**About this exercise**
Only the lines from the one that contains "Adjustable Wrist &" to the last line below, both included, should be transcribed. Pictures stay out of the copy.
Segment Start: Data provided
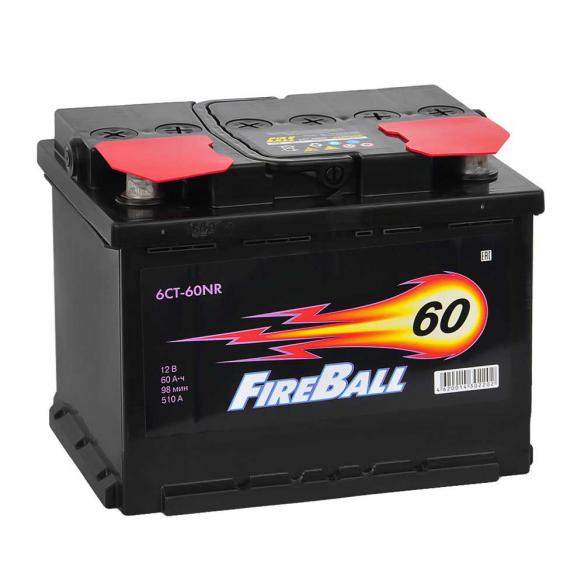 Аккумулятор автомобильный Fire Ball 60Ah (п.п.)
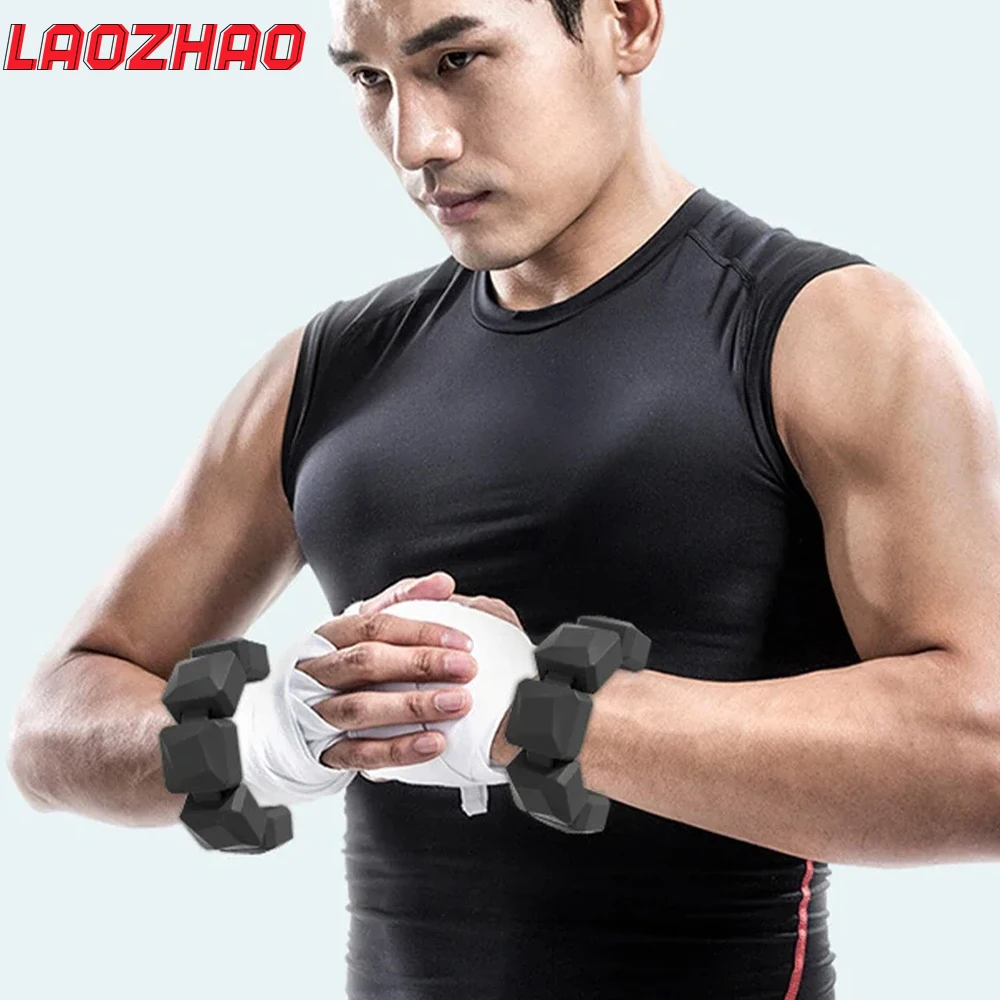 Adjustable Wrist & Ankle Weights 0.33LB / 0.15kg Each for Women Men Silicone Wearable Arm & Leg Weights Gym Yoga 1 Pair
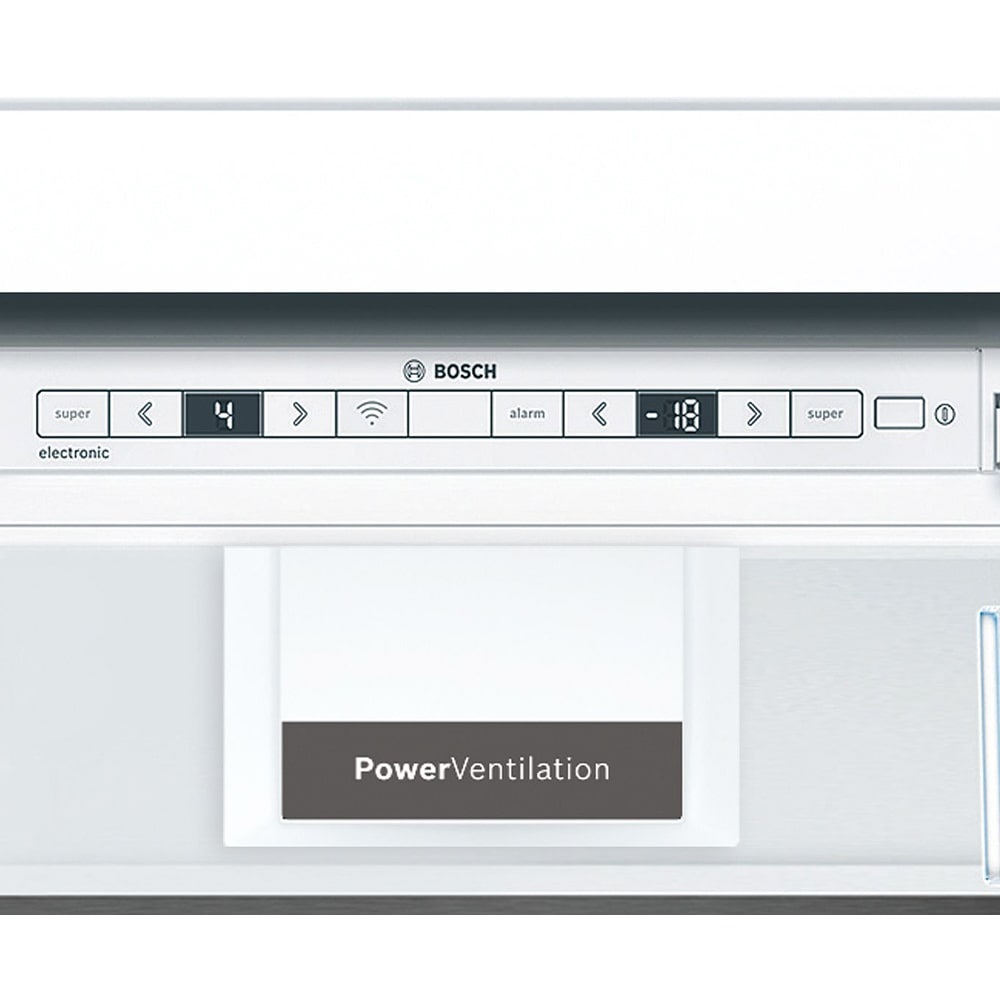 یخچال بالا پایین توکار بوش KIN86HDF0 - تصویر 2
Segment End: Data provided
**Task response**
 Adjustable Wrist & Ankle Weights 0.33LB / 0.15kg Each for Women Men Silicone Wearable Arm & Leg Weights Gym Yoga 1 Pair
 یخچال بالا پایین توکار بوش KIN86HDF0 - تصویر 2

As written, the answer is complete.